The figure of the test result shows that when using the popularity randomization, the AUC rate was apparently downed for most of the data sets, and some of them even close to 0.5, which is nearly close to random guessing.

# Discussion and conclusion

# The Factors for effects of attacks

1. The Choice of Datasets: The dataset with a denser user-item matrix leads to better attack performances. Attack models works better in the datasets with rich informations.
2. The Selection of Recommendation Algorithms: The recommender system with simple model structure is easier to be attacked. Compare with more complex algorithm,LFM has higher model complexity, which makes it harder to attack.
3. Distributions of Generated User Features: When the distribution of user feature vectors generated by the shadow recommender system closely matches the target system, attack performance improves. The similarity between target data and target data is crucial for boosting attack effectiveness.

# Conclusions

# Effectiveness of the Attack:

The proposed membership inference attack model demonstrates strong performance across various recommender systems and datasets.
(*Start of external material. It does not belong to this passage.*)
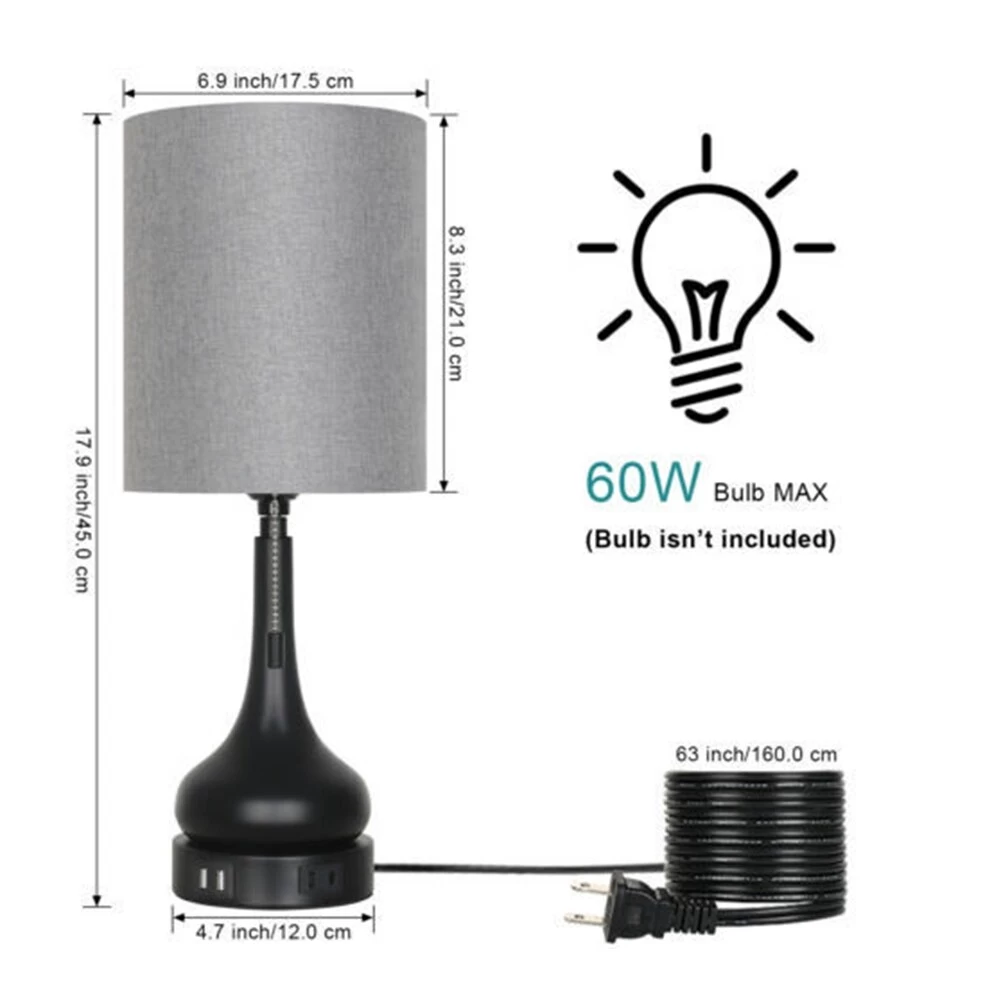 Set Of 2 Table Lamps Modern Bedroom Bedside Lamp With USB Port - 8.3" X 17.9" 3 Set Of 2 Table Lamps Modern Bedroom Bedside Lamp With USB Port - 8.3" X 17.9"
Even with limited knowledge, the model can effectively infer user membership.

# Proposed Defense Mechanism

To mitigate the attack, the authors introduce the “Popularity Randomization” defense mechanism. Experiments show that this defense significantly reduces the success rate of the attack, especially in complex models like Neural Collaborative Filtering (NCF).

# Future Work

The paper suggests further exploration of more effective defense mechanisms against such attacks and expanding the application of similar attacks and defenses to other machine learning models.